* _EXERCISE INSTRUCTIONS_: Set down every record below exactly as it appears, but without the pictures.

* _LISTED RECORDS_:
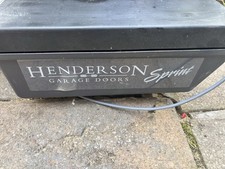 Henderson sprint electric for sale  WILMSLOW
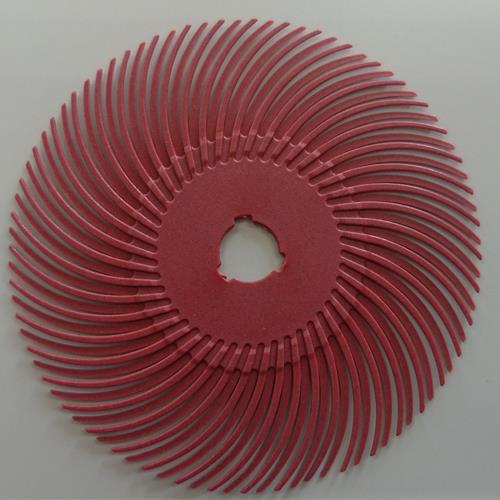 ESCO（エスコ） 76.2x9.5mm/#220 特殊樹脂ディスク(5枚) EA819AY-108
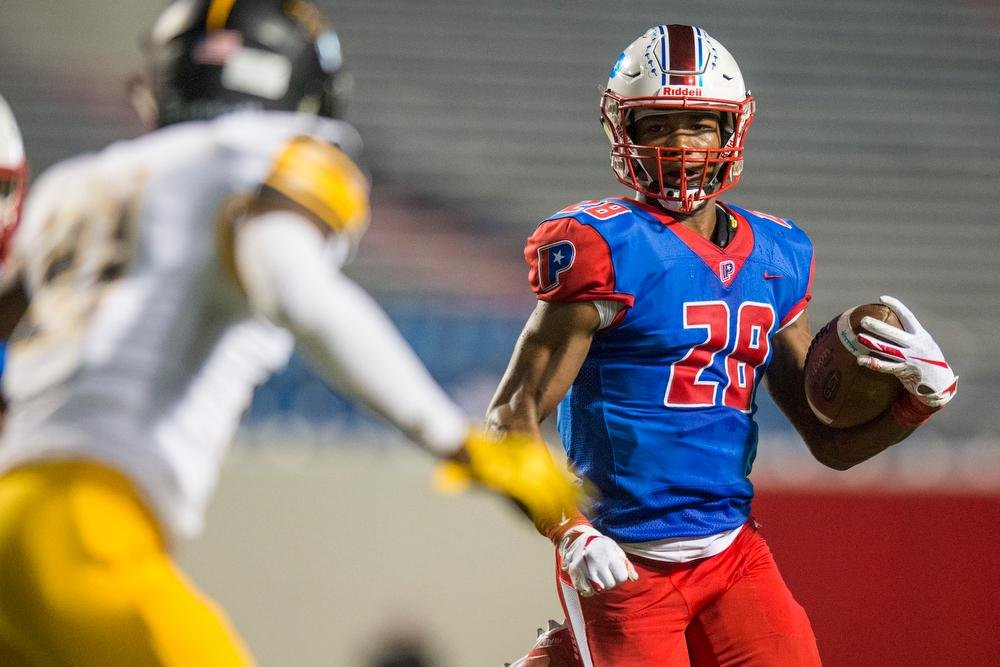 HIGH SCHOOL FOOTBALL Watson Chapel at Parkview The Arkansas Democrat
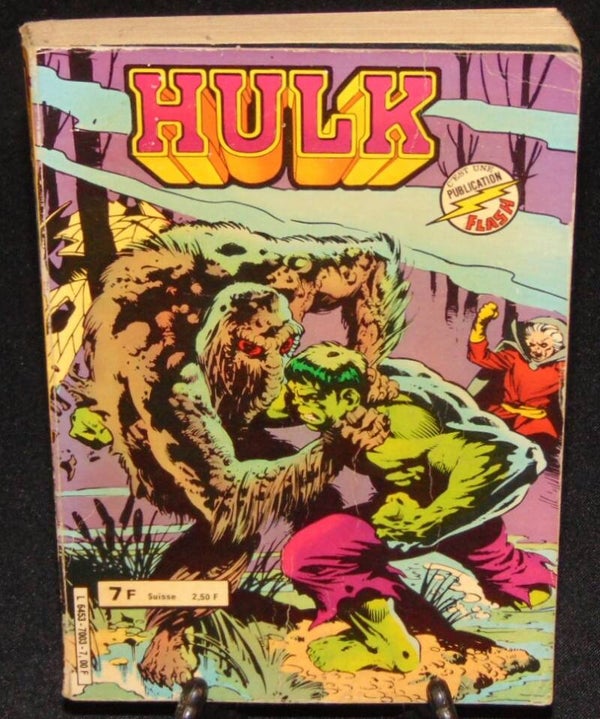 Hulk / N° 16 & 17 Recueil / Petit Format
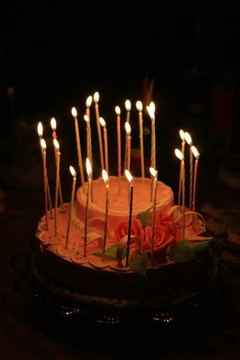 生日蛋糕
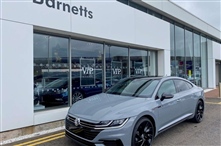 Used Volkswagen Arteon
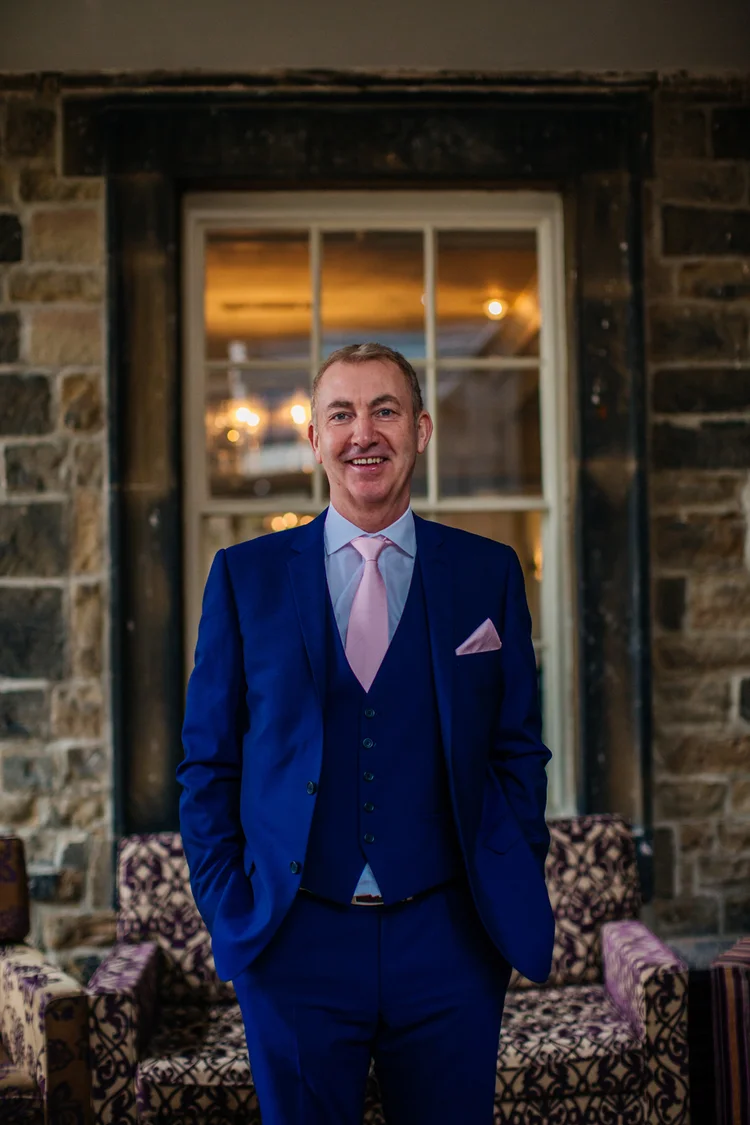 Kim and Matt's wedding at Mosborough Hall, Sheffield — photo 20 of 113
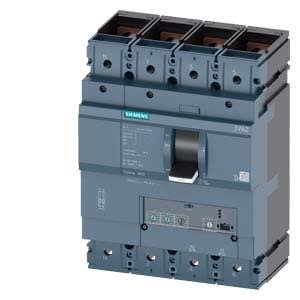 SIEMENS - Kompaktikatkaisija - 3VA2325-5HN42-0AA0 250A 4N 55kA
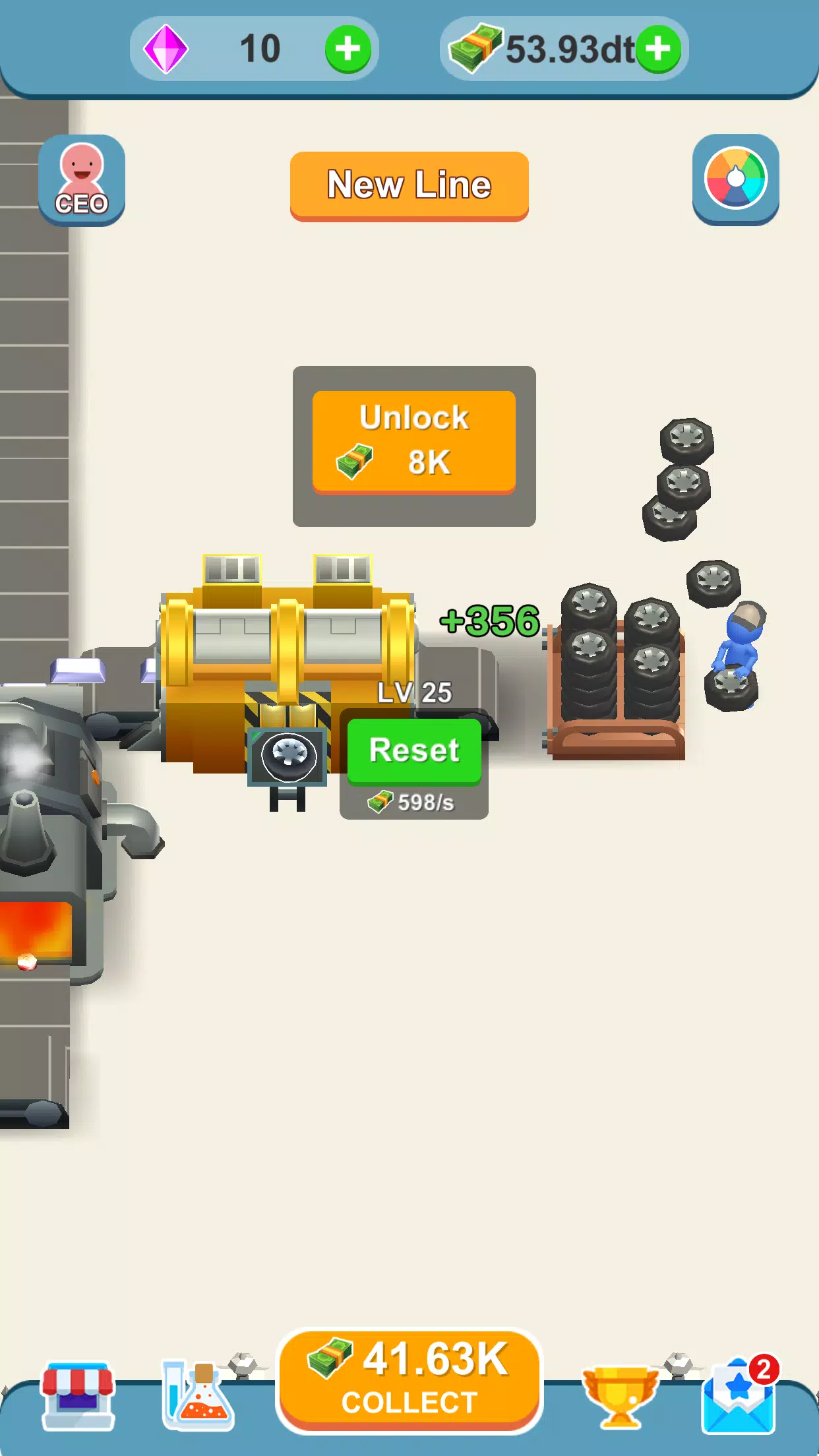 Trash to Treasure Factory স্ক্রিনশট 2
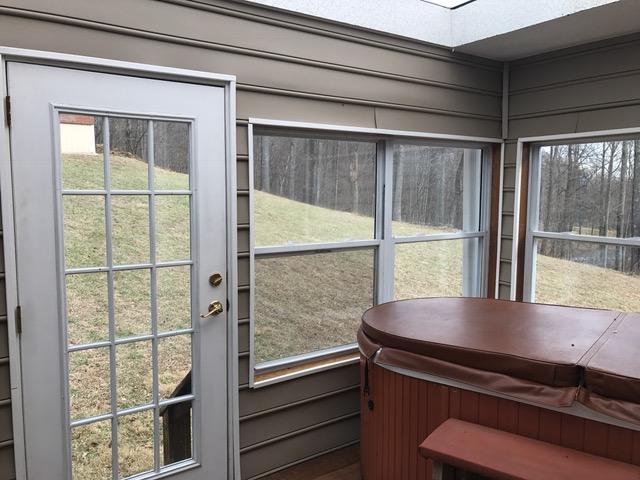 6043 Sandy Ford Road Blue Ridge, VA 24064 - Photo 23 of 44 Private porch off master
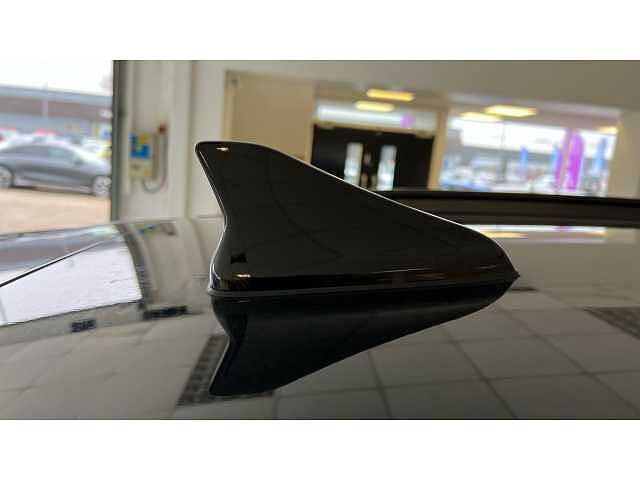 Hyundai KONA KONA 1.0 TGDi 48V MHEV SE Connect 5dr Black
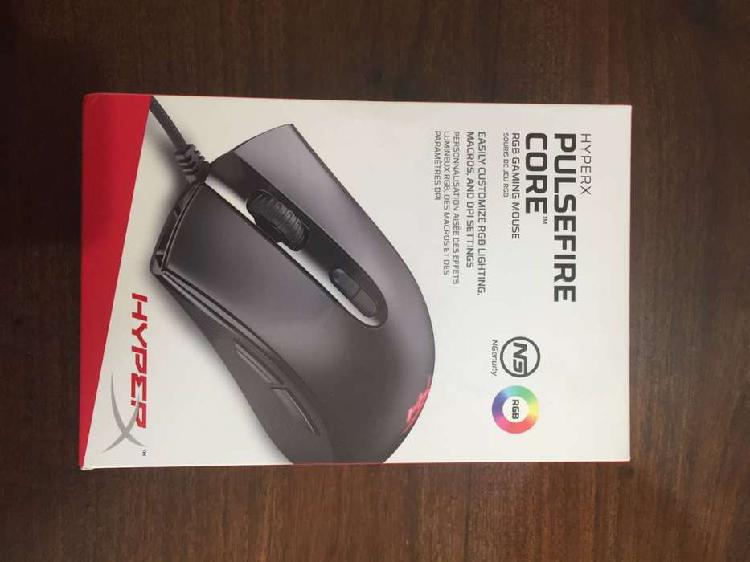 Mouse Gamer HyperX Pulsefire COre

* _ANSWER FOR THIS EXERCISE_:
 Henderson sprint electric for sale  WILMSLOW
 ESCO（エスコ） 76.2x9.5mm/#220 特殊樹脂ディスク(5枚) EA819AY-108
 HIGH SCHOOL FOOTBALL Watson Chapel at Parkview The Arkansas Democrat
 Hulk / N° 16 & 17 Recueil / Petit Format
 生日蛋糕
 Used Volkswagen Arteon
 Kim and Matt's wedding at Mosborough Hall, Sheffield — photo 20 of 113
 SIEMENS - Kompaktikatkaisija - 3VA2325-5HN42-0AA0 250A 4N 55kA
 Trash to Treasure Factory স্ক্রিনশট 2
 6043 Sandy Ford Road Blue Ridge, VA 24064 - Photo 23 of 44 Private porch off master
 Hyundai KONA KONA 1.0 TGDi 48V MHEV SE Connect 5dr Black
 Mouse Gamer HyperX Pulsefire COre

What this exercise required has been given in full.